What is being asked:
Set down, word for word, each line from the top of the data through the line that has "LV Neverfull BBハンドバッグ【 50％割引+送料無料】"; omit every picture.
*** Information given ***
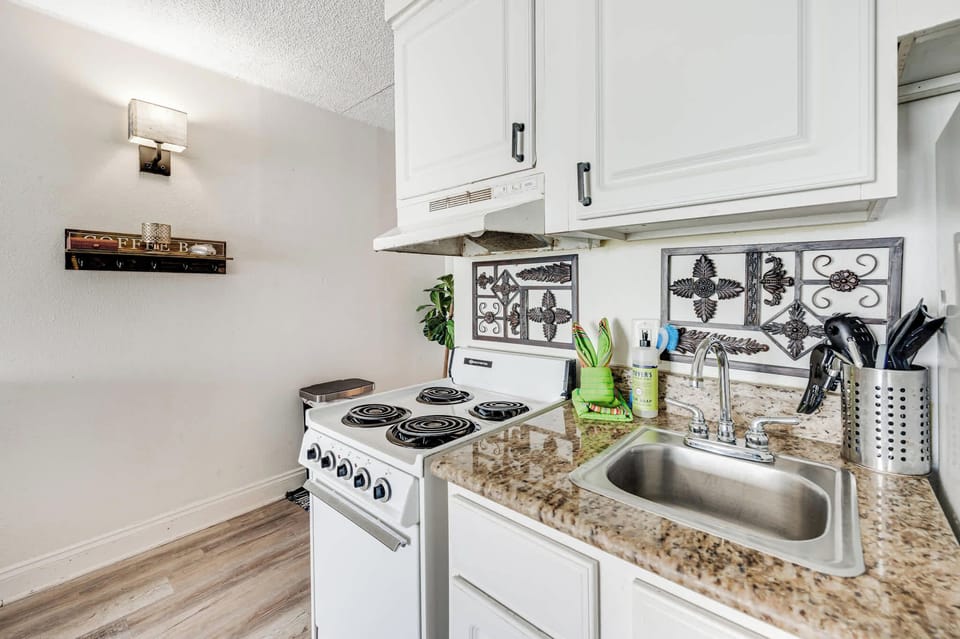 Large Kitchen Area
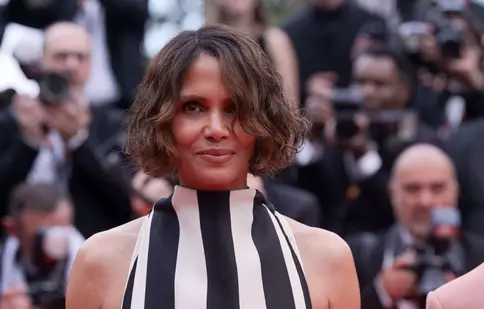 Halle Berry și-a lăsat fanii fără cuvinte. Cum arată actrița în costum de baie la 58 de ani: „Cea mai frumoasă femeie!”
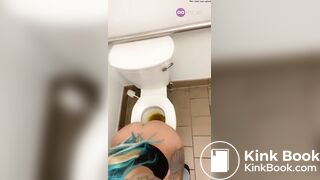 девушка какает на унитазе5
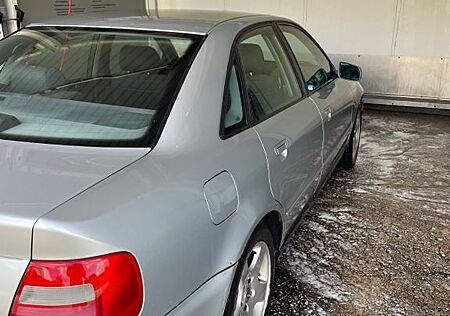 Audi A4 1.6 - 211000km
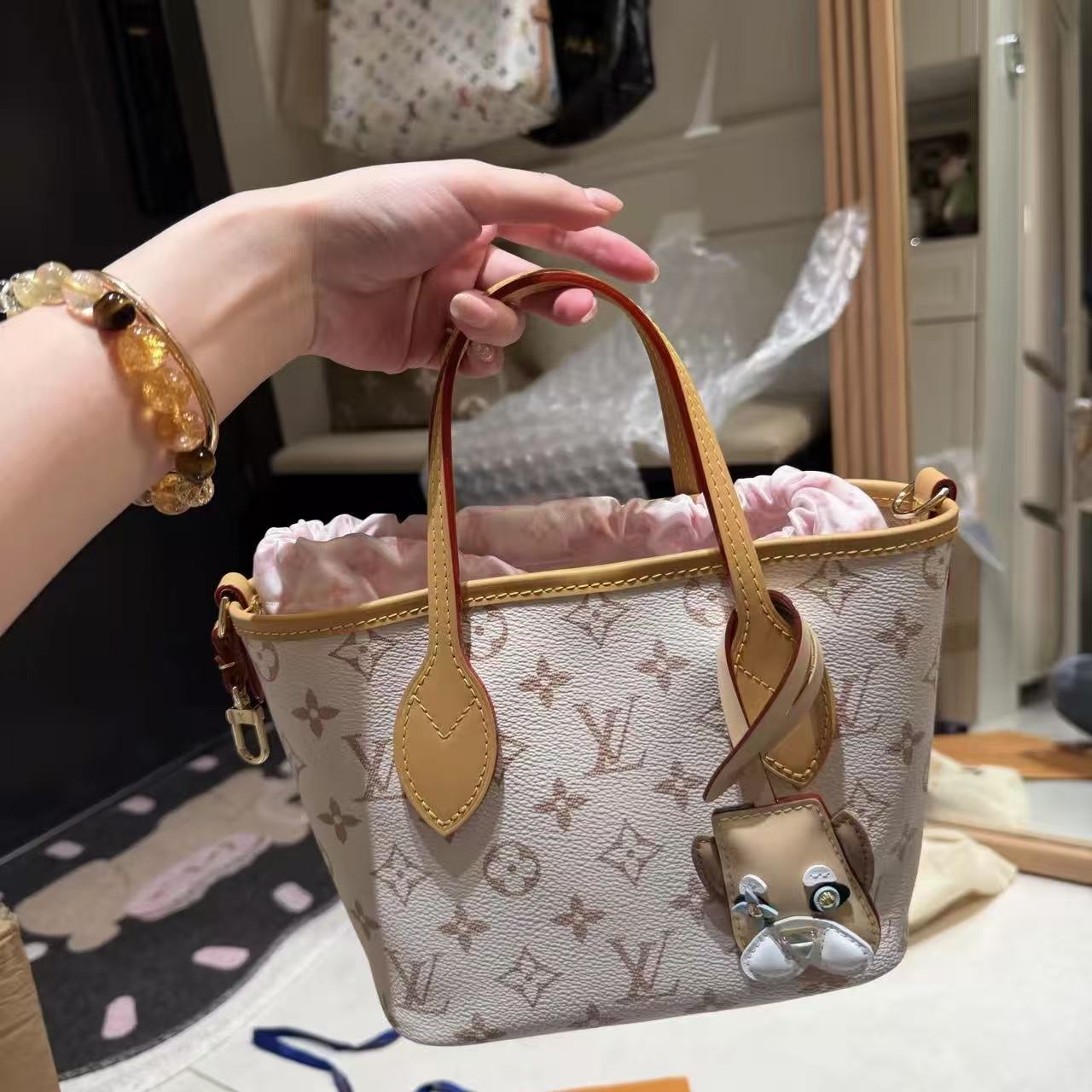 LV Neverfull BBハンドバッグ【 50％割引+送料無料】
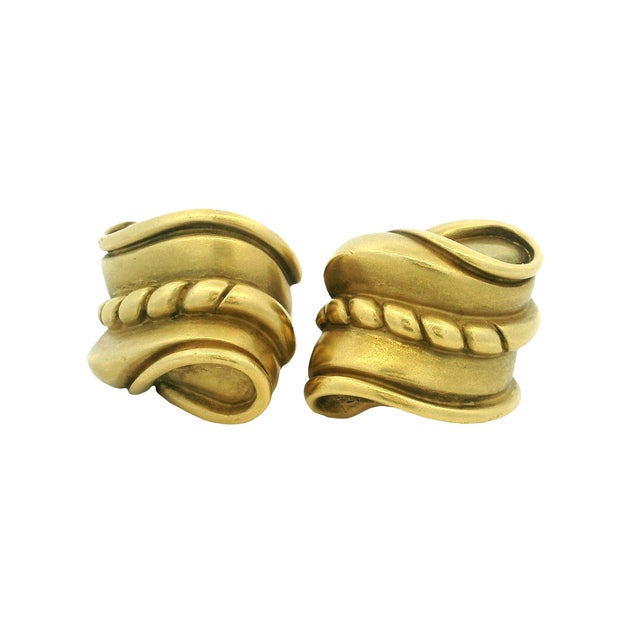 1980s Pair of Barry Kieselstein-Cord 1982 Omega Collection 18k Green Gold Scroll Earrings For Sale - Image 9 of 13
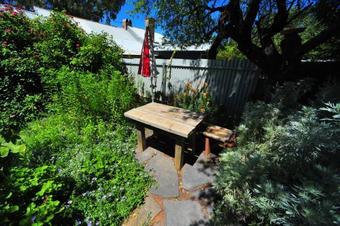 Apartamentos Emma Tiver Heritage Cottage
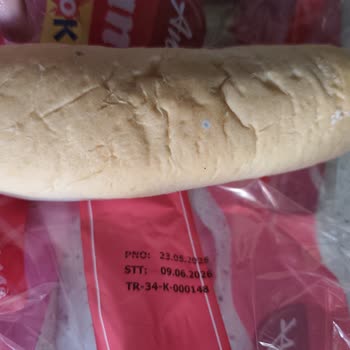 SKT Dolmadan Bozuk Gıda Ürünleri Satışı Ve Raf Kontrolü Eksikliği
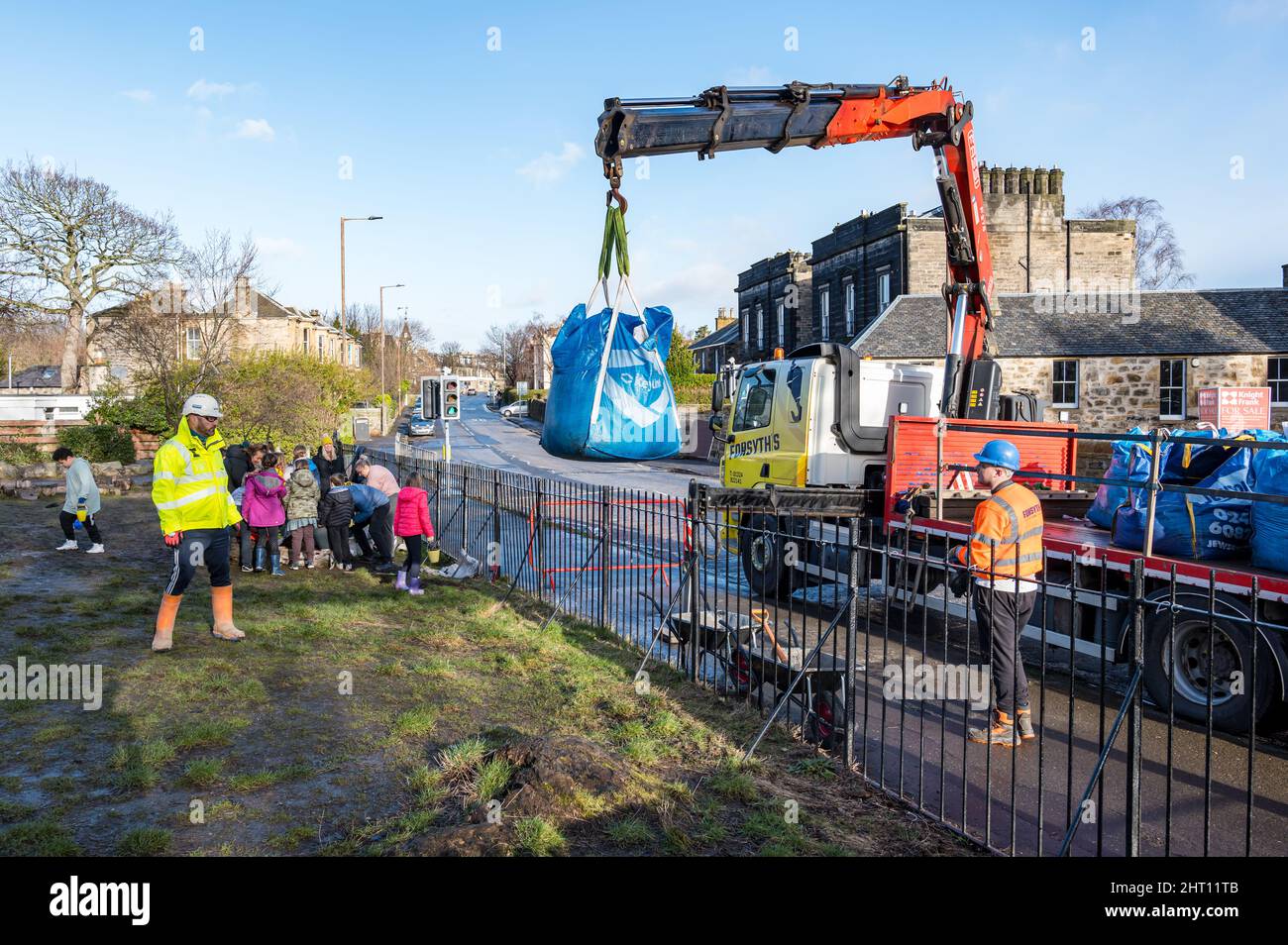 La empresa de construcción Balfour Beatty entrega una carga de camión de suelo a Trinity Primary School, Edimburgo, Escocia, Reino Unido Foto de stock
*** End of Information given ***
Your response:
 Large Kitchen Area
 Halle Berry și-a lăsat fanii fără cuvinte. Cum arată actrița în costum de baie la 58 de ani: „Cea mai frumoasă femeie!”
 девушка какает на унитазе5
 Audi A4 1.6 - 211000km
 LV Neverfull BBハンドバッグ【 50％割引+送料無料】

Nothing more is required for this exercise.